- Born: June 1, 1914 Vienna, Austria
- Died: August 27, 1999 (aged 85) Toronto, Ontario, Canada
- Other names: Franz Krämer
- Occupations: musician, composer
- Known for: TV and radio producer

= Franz Kraemer =

Canadian radio producer (1914–1999)

Franz Kraemer, (June 1, 1914 - August 27, 1999) was a Canadian radio producer, a "pioneer produced of opera at CBC Television". In the 1930 he studied music in Vienna, with Alban Berg, Anton von Webern and others. Leaving Austria like many other artists in the 1930s around the time of the Nazi takeover in 1938, Kraemer became a naturalized Canadian citizen in 1947, the first year that Canadian citizenship was made available (prior to that all Canadians were considered British subjects).

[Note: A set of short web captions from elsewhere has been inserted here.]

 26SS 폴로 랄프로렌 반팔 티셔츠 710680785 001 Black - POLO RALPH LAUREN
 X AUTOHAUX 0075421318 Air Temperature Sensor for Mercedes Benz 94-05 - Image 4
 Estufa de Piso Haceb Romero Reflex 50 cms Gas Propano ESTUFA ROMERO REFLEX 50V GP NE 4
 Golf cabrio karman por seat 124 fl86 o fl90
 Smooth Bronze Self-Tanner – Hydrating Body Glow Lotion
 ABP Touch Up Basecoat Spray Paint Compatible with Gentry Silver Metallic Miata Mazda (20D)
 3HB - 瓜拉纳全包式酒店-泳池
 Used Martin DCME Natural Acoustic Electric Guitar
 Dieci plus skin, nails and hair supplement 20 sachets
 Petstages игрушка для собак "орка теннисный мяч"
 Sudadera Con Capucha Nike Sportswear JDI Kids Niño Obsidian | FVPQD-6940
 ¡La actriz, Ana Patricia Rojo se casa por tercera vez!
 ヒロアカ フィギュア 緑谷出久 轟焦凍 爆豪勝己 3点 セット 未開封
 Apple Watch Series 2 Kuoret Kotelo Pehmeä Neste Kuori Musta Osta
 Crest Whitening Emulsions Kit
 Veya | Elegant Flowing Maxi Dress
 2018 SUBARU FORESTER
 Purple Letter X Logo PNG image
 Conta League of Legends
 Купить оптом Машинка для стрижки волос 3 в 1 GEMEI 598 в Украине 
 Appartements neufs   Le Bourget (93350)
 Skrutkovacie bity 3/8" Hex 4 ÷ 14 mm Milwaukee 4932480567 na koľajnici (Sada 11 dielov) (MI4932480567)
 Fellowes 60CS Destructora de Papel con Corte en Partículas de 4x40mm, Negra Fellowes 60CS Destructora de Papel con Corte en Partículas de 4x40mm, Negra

Kraemer made a name for himself as a gifted music composer and producer; he has been called by Adrienne Clarkson, former Governor General of Canada and CBC journalist, as "the most prolific and talented music producer the CBC Television ever produced ... He was a mentor for many of us in television who did that kind of programming."

Kraemer's career was cut short in Austria by fascism and a climate of hatred. Asked about it, we would simply say "Mr. Hitler ruined me." In Canada, he became a close colleague and friend of Glenn Gould. Eric Koch said "Franz knew everything" in music.
In 1971, he was appointed music director of the Toronto Arts Foundation.
In 1981, he was made a Member of the Order of Canada and was promoted to Officer in 1987.